WHAT YOU HAVE TO DO
In the entries below, find the line with "Chalet Del Bosco Italia" and the line with "11615 Rousseau St, San". Print those two and everything between them exactly, and nothing else.

INPUT
------------------------------

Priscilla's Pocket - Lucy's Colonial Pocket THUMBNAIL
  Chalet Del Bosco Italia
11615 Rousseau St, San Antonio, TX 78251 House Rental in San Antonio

------------------------------

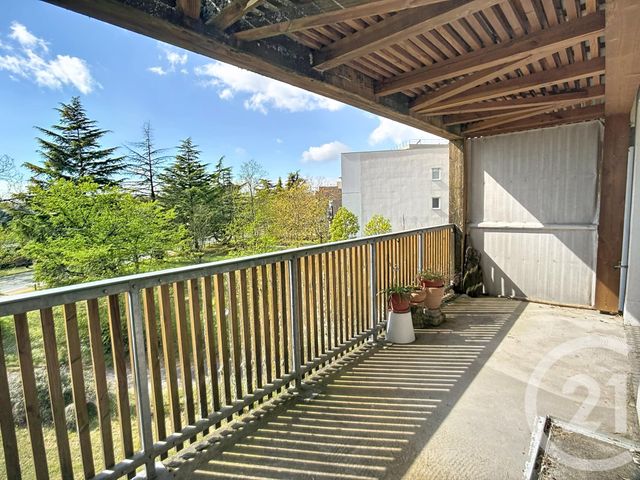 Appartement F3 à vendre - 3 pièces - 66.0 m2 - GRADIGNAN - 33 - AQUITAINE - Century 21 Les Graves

------------------------------

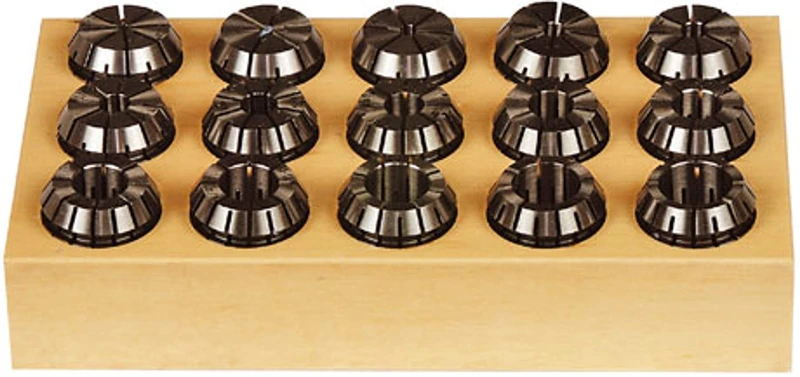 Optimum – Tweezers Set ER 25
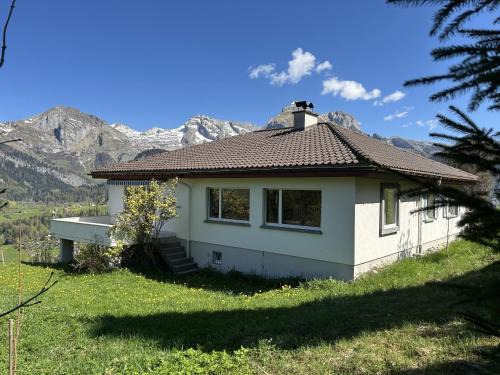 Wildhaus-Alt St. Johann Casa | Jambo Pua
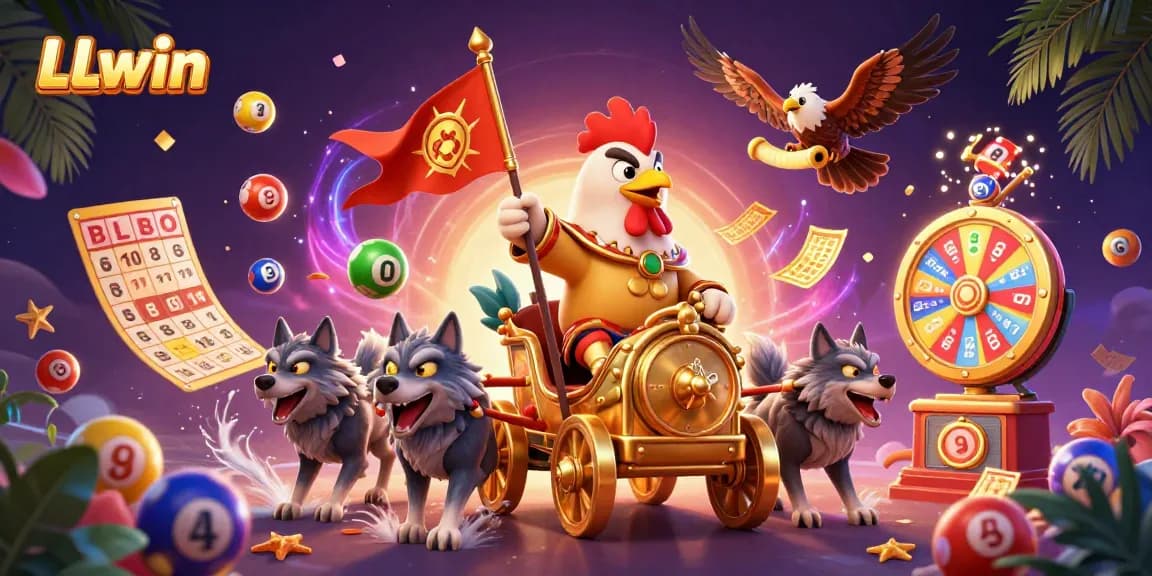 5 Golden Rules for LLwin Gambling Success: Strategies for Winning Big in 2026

------------------------------

SOLUTION TO THE EXERCISE
  Chalet Del Bosco Italia
11615 Rousseau St, San Antonio, TX 78251 House Rental in San Antonio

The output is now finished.